==== Extracted records

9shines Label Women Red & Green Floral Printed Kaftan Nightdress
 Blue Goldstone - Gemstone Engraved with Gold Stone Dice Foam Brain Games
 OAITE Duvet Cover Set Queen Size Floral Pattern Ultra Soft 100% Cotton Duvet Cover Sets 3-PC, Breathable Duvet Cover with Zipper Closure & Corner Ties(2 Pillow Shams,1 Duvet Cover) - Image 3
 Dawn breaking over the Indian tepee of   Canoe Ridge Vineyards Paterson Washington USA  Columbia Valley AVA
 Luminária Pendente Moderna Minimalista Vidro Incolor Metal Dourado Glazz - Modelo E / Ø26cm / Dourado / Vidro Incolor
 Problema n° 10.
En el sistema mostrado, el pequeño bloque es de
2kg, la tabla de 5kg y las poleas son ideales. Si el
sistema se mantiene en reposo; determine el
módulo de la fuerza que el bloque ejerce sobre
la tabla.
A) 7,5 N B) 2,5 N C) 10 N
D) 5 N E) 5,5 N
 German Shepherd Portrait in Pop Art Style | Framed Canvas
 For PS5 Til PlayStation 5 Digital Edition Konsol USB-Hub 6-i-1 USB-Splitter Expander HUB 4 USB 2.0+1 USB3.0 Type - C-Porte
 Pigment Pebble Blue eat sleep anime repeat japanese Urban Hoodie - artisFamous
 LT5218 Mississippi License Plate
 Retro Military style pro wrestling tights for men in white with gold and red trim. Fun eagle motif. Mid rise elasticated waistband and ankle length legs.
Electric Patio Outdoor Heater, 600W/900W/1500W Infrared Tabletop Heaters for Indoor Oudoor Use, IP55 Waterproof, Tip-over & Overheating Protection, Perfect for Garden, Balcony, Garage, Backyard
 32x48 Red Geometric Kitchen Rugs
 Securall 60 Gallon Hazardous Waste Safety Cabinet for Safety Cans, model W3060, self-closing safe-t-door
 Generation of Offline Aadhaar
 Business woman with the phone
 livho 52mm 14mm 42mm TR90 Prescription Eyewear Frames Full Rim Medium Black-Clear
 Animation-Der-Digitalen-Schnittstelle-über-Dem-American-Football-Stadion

========

## [Instructions to follow]
Filter the data above, keeping only lines that include the string "Floral".

## [Worked solution]
9shines Label Women Red & Green Floral Printed Kaftan Nightdress
 OAITE Duvet Cover Set Queen Size Floral Pattern Ultra Soft 100% Cotton Duvet Cover Sets 3-PC, Breathable Duvet Cover with Zipper Closure & Corner Ties(2 Pillow Shams,1 Duvet Cover) - Image 3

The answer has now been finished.